TGIAF aka thank God it’s almost Friday! This fresh, healthy and delicious Hawaiian shrimp bowl has been getting me through the week. The dish is super easy to make and full of flavor!
Hawaiian bowl w. garlic lemon butter shrimp & pineapple
- Shrimp recipe:
- ½ - ¾ lb. raw tail-on shrimp, shelled and de-veined
- ¼ cup olive oil
- 2 lemons, juiced, divided
- 5-6 cloves garlic, minced
- 2 tbsp. fresh parsley, chopped, plus more for garnish
- 1 tbsp. flour
- ½ tsp. cayenne
- ½ tsp. ground black pepper
- 7 tbsp. unsalted butter
- 1 tsp. pepper
- ½ tsp. lemon zest
- Hawaiian bowl recipe:
- White basmati rice, cooked according to package instructions
- Fresh pineapple, sliced
- Lemon wedges, for garnish
- Add the shrimp to a gallon size Ziplock bag or medium size bowl. Add the olive oil, juice of 1 lemon, chopped garlic, 1 tbsp. fresh parsley, flour, cayenne pepper and pepper. Toss well to combine, then seal the bag or cover the bowl and place in the fridge for 1 hour, up to 24 hours.

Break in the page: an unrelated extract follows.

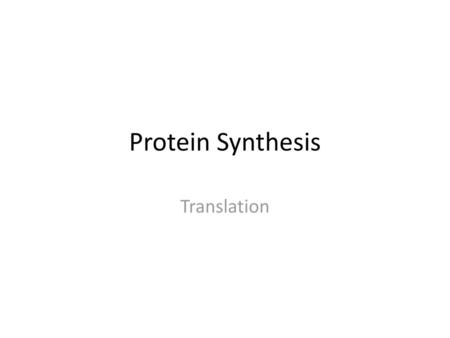 Protein Synthesis Translation.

- Heat a large skillet over medium heat. Once hot, use a slotted spoon to scoop the shrimp out of the marinade and into the hot skillet; season with salt and pepper. Make sure to scoop up all the garlic. Saute the shrimp until pink, about 2-3 minutes per side.
- Remove the shrimp from the pan leaving the garlic in the skillet. Add the salted butter and 1 tsp. pepper to the skillet. Cook the garlic in the butter until it begins to caramelize and turn golden brown.
- Remove from the heat and stir in 1 tbsp. chopped parsley, the juice of ½ a lemon and zest.
- Drizzle with the warm garlic butter over the shrimp and serve alongside rice, fresh pineapple and lemon wedges. Garnish with fresh chopped parsley.
Recipe adapted from Half Baked Harvest.